Juliet not only receives notes, she is somehow supposed to be able to respond, intervening in relationships and straightening things out. The Juliet Club website is topped with a sketch of Juliet reaching out toward the viewer as if in a trance, eyes shut and mouth gently open, and hair tousled by a breeze. It’s kind of creepy. But, really, do you want Juliet’s relationship advice? How well did things work out for her, anyway? The advice she herself took—“Take this potion so you’ll look like you’re dead”—wasn’t so great.
So there’s a dilemma. I can criticize this movie on grounds artistic, theological, and just plain logical, but I was far in the minority. The popular verdict appears to be positive. Does that mean this is a movie you’ll like? Maybe so; but, as Sophie would say, caveat emptor.
Talk About It [3-5 Questions]
1. Is there something in human nature that craves supernatural contact with a force that can give advice or arrange events? What reason would a Christian give to explain why many people have such a craving? What reason would an agnostic materialist give?
2. Do you believe that each person is meant to find one particular true love? Does God assign mates, or might a successful marriage be built up from range of different potential partners?

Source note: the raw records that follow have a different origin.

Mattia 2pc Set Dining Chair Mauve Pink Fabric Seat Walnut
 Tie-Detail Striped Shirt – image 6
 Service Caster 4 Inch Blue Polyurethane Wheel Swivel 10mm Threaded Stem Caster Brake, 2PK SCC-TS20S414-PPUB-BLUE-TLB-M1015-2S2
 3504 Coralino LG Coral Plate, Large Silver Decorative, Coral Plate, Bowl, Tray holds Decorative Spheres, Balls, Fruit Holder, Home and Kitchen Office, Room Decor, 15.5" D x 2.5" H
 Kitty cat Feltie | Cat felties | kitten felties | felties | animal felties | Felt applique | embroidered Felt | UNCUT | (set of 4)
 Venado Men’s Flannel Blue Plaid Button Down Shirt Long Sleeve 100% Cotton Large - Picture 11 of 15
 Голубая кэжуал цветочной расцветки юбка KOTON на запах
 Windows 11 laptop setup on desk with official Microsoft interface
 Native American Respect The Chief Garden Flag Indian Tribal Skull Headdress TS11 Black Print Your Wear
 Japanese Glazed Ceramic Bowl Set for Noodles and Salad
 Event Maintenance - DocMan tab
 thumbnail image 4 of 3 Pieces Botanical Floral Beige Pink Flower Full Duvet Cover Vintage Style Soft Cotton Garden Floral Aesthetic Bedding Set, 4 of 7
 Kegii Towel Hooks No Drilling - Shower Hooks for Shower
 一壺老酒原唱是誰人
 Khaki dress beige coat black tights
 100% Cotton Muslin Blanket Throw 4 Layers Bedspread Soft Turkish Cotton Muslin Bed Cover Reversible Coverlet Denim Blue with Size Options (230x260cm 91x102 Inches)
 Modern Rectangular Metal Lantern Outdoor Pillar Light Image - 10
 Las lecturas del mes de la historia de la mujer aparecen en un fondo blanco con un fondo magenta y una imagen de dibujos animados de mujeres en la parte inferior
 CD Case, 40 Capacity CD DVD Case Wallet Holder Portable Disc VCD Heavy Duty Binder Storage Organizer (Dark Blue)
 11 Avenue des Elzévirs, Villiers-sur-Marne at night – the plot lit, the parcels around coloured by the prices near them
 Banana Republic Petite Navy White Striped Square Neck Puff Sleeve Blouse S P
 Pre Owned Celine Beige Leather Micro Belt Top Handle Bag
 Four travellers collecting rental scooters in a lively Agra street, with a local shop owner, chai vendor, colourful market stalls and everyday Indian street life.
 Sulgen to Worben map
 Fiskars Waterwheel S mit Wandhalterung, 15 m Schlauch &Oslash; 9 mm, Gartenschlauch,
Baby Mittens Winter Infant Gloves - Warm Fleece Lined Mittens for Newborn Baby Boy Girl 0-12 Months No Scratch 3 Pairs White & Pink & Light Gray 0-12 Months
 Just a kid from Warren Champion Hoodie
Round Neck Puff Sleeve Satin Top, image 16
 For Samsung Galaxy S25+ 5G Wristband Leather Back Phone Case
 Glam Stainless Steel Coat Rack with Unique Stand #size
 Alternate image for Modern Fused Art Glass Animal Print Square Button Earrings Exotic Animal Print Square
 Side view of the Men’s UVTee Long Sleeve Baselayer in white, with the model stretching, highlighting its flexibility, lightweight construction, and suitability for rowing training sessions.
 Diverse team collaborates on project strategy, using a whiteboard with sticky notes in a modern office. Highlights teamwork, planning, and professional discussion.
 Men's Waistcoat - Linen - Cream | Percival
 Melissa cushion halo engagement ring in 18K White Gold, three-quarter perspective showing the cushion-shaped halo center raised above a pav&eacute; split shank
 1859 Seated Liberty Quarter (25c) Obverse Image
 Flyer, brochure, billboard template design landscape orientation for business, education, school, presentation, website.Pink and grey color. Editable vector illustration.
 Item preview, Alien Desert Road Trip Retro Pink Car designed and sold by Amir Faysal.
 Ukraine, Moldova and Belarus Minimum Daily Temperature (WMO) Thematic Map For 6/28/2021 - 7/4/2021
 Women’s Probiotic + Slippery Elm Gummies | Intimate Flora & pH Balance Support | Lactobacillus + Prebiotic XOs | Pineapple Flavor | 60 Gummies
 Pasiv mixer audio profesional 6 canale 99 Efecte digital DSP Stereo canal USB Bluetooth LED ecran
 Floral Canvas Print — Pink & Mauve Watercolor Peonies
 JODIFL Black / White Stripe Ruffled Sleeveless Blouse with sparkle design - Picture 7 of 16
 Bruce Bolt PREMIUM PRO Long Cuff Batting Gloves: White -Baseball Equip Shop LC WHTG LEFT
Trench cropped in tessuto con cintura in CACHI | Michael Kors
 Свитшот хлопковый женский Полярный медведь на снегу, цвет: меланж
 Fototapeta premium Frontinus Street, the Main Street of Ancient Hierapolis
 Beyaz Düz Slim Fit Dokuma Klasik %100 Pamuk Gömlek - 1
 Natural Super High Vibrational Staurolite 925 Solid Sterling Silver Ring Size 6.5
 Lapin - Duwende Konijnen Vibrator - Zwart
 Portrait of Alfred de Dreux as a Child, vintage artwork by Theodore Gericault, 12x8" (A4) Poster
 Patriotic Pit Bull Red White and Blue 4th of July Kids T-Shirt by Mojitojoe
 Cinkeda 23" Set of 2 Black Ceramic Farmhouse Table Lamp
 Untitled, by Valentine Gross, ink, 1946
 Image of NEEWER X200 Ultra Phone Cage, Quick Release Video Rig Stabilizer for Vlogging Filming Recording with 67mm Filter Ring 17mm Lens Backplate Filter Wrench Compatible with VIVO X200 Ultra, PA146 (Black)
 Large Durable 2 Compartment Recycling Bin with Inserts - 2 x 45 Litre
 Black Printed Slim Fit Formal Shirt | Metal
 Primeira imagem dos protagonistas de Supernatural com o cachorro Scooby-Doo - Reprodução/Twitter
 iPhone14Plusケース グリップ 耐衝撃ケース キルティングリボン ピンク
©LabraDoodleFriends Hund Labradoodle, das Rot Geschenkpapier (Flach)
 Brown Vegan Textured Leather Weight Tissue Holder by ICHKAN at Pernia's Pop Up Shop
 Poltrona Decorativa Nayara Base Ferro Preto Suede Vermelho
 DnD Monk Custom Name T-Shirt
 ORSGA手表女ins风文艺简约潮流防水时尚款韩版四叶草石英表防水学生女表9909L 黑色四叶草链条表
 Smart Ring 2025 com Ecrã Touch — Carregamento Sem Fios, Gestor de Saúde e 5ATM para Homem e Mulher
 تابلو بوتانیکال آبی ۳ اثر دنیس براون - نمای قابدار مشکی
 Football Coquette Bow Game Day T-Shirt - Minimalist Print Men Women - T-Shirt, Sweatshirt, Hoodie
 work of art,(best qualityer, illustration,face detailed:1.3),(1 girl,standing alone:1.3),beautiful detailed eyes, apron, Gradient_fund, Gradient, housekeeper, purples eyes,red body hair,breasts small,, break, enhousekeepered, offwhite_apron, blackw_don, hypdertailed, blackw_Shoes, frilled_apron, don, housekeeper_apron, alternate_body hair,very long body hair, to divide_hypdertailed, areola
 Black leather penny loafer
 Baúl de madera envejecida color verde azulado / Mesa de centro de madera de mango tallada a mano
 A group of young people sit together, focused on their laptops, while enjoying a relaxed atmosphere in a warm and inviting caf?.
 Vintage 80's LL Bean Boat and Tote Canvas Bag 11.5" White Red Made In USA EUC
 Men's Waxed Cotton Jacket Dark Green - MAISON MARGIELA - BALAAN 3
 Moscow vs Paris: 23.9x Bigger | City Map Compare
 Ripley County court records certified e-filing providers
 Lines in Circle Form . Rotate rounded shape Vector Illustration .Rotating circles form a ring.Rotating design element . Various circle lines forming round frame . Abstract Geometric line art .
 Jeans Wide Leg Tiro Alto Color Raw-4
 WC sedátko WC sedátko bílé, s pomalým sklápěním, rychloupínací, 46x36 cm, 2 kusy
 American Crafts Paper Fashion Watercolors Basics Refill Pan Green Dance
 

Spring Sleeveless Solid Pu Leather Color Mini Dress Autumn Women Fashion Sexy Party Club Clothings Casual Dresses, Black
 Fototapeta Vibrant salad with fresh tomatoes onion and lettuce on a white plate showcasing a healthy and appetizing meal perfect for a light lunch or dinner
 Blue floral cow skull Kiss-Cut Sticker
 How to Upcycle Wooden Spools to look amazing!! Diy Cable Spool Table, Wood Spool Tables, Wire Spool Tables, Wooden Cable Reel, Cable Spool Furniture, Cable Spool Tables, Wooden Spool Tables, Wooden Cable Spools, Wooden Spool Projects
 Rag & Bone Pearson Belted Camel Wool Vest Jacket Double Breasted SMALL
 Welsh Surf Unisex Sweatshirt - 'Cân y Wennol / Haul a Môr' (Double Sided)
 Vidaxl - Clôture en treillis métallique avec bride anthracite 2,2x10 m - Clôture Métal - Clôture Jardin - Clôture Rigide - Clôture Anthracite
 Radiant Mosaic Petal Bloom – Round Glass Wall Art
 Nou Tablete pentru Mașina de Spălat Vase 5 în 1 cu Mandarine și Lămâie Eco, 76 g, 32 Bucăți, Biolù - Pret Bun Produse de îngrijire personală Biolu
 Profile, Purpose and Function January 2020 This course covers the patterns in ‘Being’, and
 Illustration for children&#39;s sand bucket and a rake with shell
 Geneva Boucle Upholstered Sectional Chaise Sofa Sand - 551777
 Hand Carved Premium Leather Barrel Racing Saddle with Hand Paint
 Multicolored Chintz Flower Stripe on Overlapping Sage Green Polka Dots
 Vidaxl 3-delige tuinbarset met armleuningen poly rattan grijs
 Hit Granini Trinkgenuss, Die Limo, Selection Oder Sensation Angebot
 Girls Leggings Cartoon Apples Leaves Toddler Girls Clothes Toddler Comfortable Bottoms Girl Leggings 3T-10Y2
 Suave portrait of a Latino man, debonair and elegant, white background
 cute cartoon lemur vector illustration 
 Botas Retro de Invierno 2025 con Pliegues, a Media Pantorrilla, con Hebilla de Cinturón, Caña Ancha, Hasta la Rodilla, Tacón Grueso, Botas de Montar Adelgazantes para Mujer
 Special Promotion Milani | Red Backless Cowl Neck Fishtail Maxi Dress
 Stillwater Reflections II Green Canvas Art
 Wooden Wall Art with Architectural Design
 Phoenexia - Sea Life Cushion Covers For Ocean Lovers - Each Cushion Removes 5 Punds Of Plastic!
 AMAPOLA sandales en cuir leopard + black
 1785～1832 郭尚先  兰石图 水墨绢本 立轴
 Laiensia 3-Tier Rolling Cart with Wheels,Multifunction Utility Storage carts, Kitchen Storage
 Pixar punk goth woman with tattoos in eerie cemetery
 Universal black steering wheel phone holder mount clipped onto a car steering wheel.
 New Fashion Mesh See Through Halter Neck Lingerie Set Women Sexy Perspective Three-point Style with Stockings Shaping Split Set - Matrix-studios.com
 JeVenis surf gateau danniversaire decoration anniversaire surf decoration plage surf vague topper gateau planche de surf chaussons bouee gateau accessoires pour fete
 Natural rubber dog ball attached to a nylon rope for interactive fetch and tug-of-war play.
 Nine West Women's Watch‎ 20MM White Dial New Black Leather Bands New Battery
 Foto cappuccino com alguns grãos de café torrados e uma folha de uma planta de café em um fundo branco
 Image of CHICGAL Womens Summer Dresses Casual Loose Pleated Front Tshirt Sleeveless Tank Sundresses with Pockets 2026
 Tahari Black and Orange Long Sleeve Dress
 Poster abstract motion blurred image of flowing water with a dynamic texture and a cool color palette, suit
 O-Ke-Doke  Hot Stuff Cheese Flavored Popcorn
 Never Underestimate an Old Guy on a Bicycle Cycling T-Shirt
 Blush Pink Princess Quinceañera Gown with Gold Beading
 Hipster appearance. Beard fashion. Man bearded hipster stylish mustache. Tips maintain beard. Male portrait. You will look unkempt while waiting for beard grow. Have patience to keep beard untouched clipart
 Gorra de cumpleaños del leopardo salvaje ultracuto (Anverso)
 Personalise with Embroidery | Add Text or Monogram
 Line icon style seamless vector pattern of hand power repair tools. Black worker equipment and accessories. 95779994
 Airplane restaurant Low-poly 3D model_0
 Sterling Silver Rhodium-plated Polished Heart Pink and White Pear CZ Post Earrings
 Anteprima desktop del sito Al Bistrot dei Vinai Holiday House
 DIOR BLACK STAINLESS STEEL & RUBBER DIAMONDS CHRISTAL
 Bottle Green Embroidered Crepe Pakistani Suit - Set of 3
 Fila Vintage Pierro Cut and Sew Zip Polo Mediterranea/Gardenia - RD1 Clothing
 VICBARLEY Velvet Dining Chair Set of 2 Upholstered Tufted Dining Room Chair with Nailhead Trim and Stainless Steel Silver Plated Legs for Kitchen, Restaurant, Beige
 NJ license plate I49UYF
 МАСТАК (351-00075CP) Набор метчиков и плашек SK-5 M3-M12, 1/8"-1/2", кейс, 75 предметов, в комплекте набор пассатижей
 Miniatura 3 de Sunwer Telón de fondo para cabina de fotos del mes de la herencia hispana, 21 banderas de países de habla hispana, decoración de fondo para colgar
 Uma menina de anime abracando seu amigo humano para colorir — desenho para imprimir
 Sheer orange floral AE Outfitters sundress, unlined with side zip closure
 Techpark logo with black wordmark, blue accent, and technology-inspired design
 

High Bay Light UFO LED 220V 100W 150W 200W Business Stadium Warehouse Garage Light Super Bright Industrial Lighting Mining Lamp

Does God intend for some people to never marry? Is there a role for “Destiny” in these things?
3. What is it about the character of Juliet Capulet that elicits such devotion? How is it that her story, which went tragically wrong, came to be synonymous with joyous, successful love? Would she be as effective a figure if she and Romeo had married, had children, and lived long and happy lives? How does tragedy make her story more appealing?
The Family Corner: The film accepts as commonplace that a couple will sleep together before marriage. Otherwise, it is pretty tame: a few kisses but no sex or nudity, and one mild expletive.